What this task involves: Return each line of the data below verbatim; pictures are to be left out.

Data shown:
────────────────
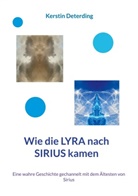 Kerstin Deterding - Wie die LYRA nach SIRIUS kamen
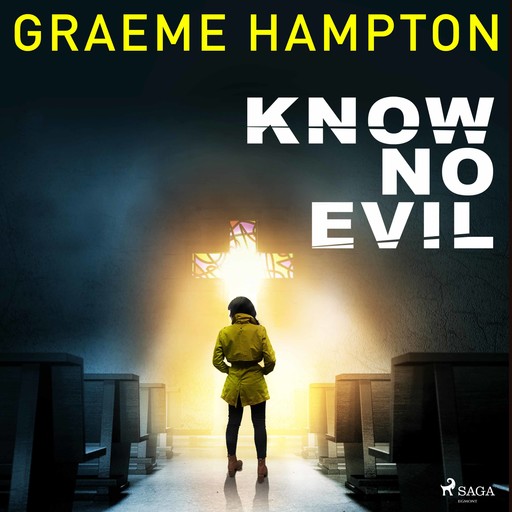 Know No Evil, Graeme Hampton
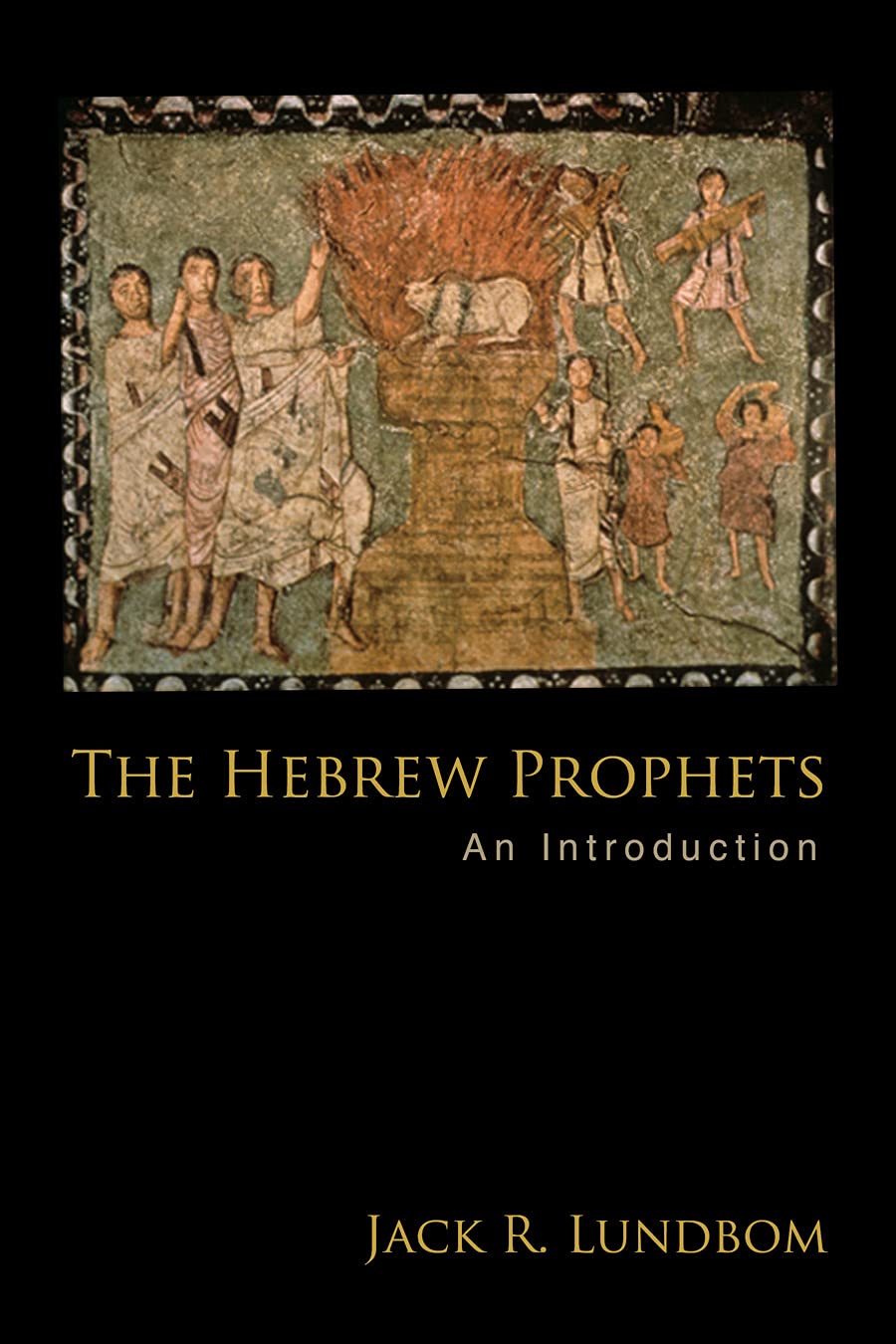 The Hebrew Prophets: An Introduction,New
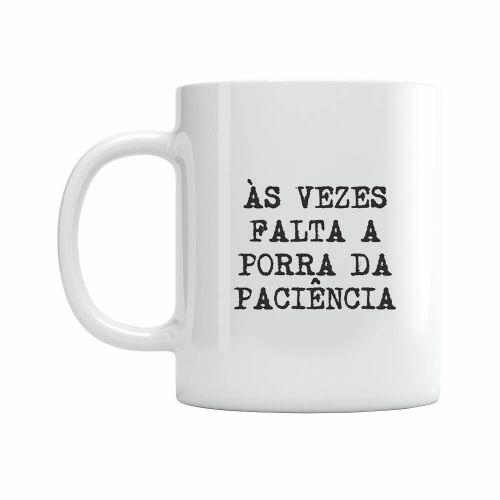 Caneca Falta Paci�ncia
────────────────
Answer space:
 Kerstin Deterding - Wie die LYRA nach SIRIUS kamen
 Know No Evil, Graeme Hampton
 The Hebrew Prophets: An Introduction,New
 Caneca Falta Paci�ncia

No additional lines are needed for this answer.